GOAL OF THE EXERCISE.
Output, word for word, the line that contains "Technická fréza kulová" and all lines after it in the records below, omitting pictures.

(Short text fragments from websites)
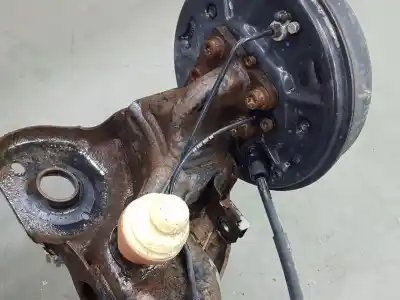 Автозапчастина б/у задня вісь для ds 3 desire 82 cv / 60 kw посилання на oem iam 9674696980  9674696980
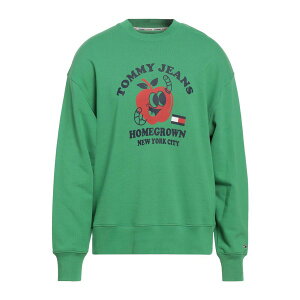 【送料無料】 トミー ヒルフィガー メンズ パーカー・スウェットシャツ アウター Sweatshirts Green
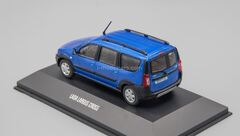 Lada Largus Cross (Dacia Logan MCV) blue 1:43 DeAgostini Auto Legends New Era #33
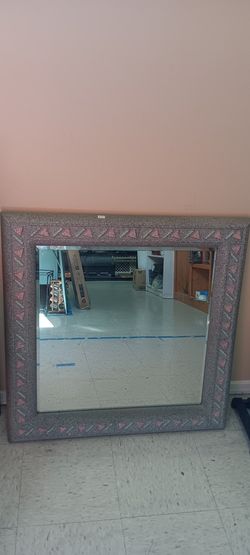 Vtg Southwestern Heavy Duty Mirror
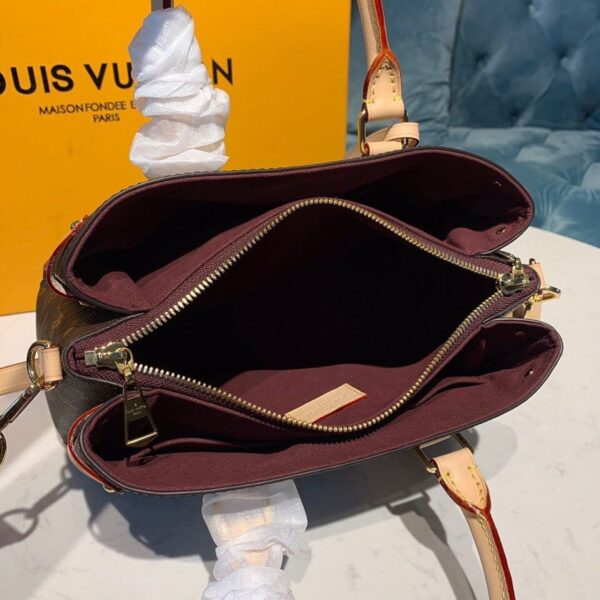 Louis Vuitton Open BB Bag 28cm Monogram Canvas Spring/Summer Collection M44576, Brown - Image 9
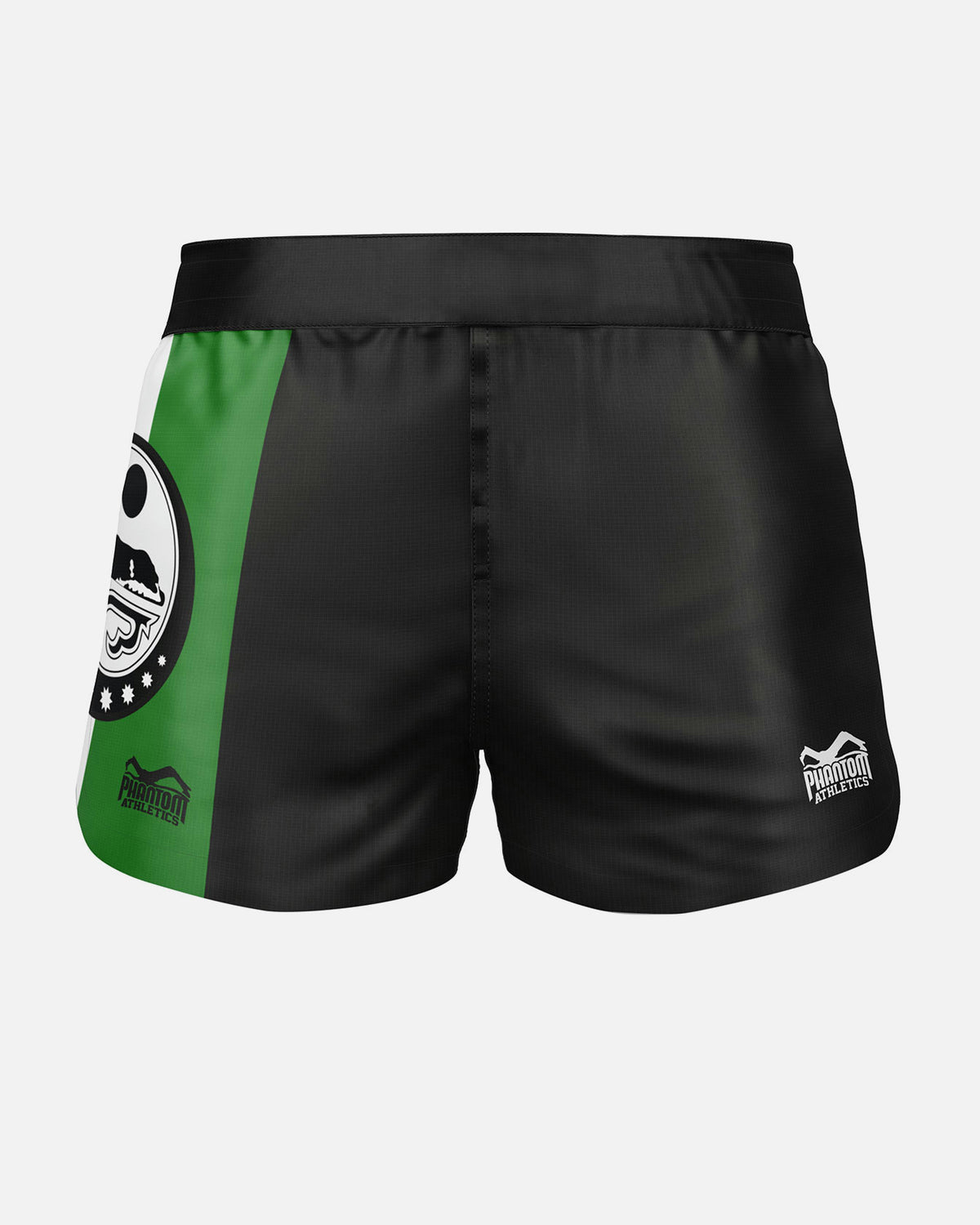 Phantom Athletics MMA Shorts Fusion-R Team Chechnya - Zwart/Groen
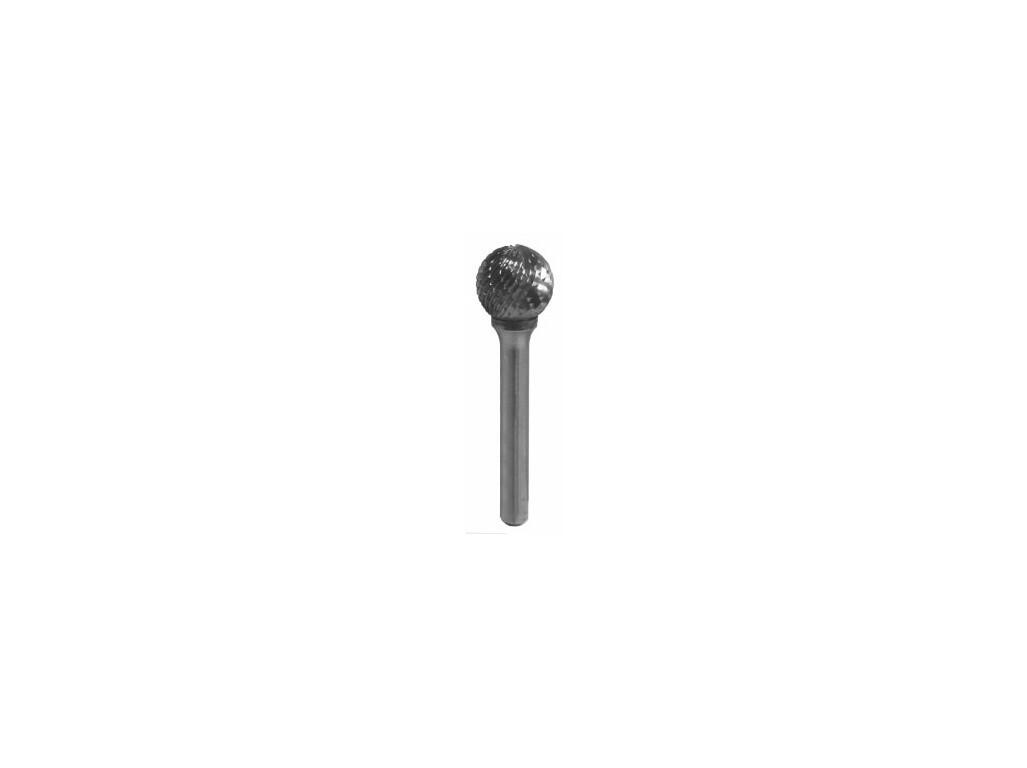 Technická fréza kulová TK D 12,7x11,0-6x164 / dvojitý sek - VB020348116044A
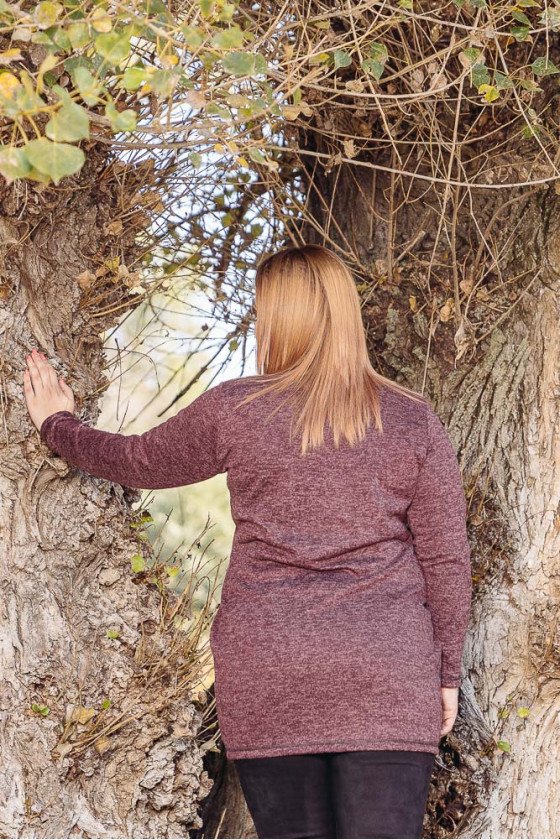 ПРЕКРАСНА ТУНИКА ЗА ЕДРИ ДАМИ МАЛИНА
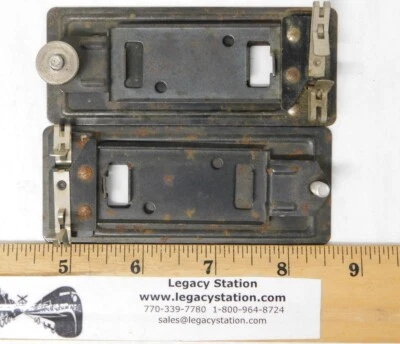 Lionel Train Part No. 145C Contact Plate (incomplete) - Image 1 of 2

TASK RESULT.
 Technická fréza kulová TK D 12,7x11,0-6x164 / dvojitý sek - VB020348116044A
 ПРЕКРАСНА ТУНИКА ЗА ЕДРИ ДАМИ МАЛИНА
 Lionel Train Part No. 145C Contact Plate (incomplete) - Image 1 of 2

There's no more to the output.